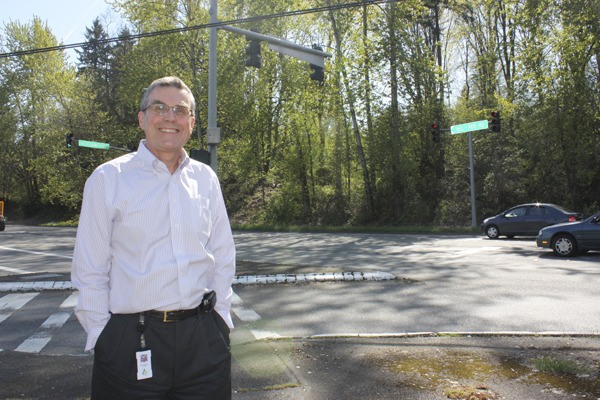 Public works Director Bill Campbell stands at the traffic light intersection of West Lake Sammamish Parkway and Bel-Red Road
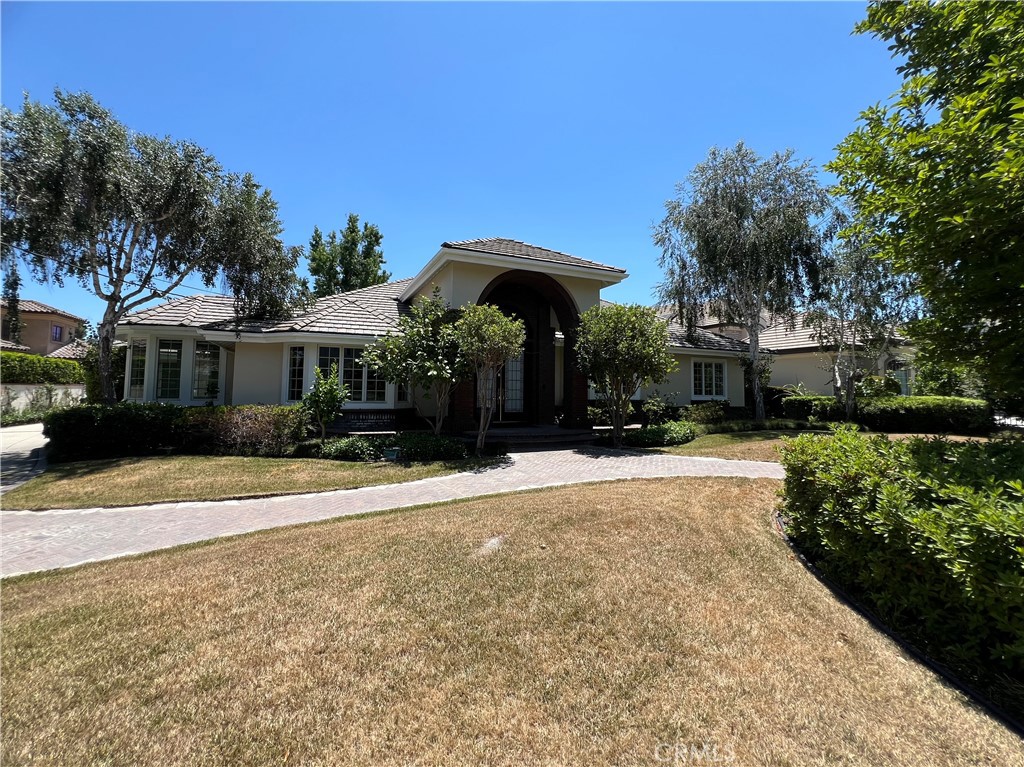 Welcome to this meticulously remodeled, move-in ready single-level Arcadia estate, a rare rental opportunity seamlessly blending timeless elegance with modern comfort. Originally rebuilt in 1995 and recently upgraded with new wide-plank luxury flooring, fresh interior and exterior paint, refinished cabinetry, and beautifully renovated spa-inspired bathrooms, this 4,485 sq. ft. residence is set on a lush 18,201 sq. ft. lot in one of Arcadia’s most prestigious neighborhoods, offering both privacy and prestige.
The open, airy floor plan features soaring ceilings, bespoke finishes, and expansive formal living and dining rooms. The gourmet kitchen boasts granite countertops, stainless steel appliances, a large center island, and custom cabinetry, ideal for both everyday living and hosting elegant gatherings. Just off the kitchen, a sophisticated bar area with granite counters, bar sink, abundant storage, and a professional-grade beer tap creates the perfect setting for entertaining. The serene primary suite offers a spa-like retreat with a soaking tub, walk-in shower, and dual vanities.
Step outside to your private resort-style backyard, featuring a lagoon-inspired pool with natural rock accents, water features, and mature landscaping for ultimate seclusion. A detached 3-car garage and extended driveway provide ample parking. Perfectly situated just minutes from award-winning Arcadia schools, Santa Anita Mall, fine dining, and beautiful parks.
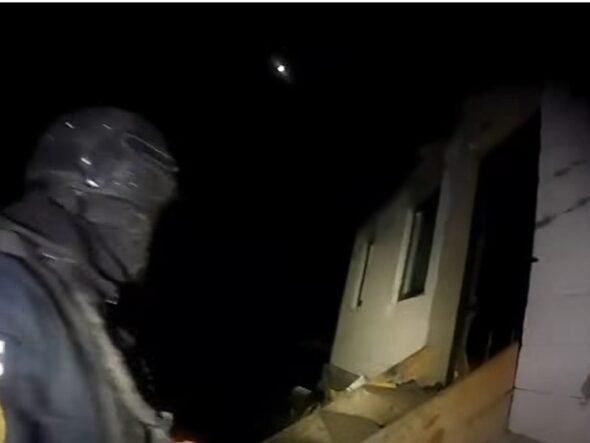 Rescue worker in dark gear and helmet standing beside a partially collapsed house at night, illuminated by a flashlight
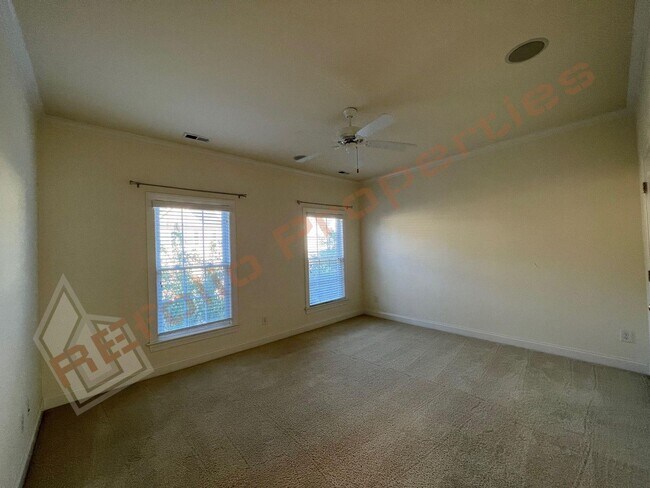 Building Photo - Elegant 3 Story 3 Bedroom Formal Model Tow...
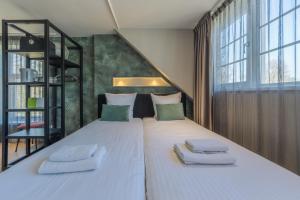 Postel nebo postele na pokoji v ubytování B&B Dennenbos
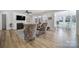 Living room with a fireplace, tv, light blue rug, hardwood floors, and a view into the breakfast nook at 16709 Mckee Rd, Charlotte, NC 28278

- - - - - - -

* Activity: The sole thing to report is how many lines in the data hold the string "dining".

* Response: 2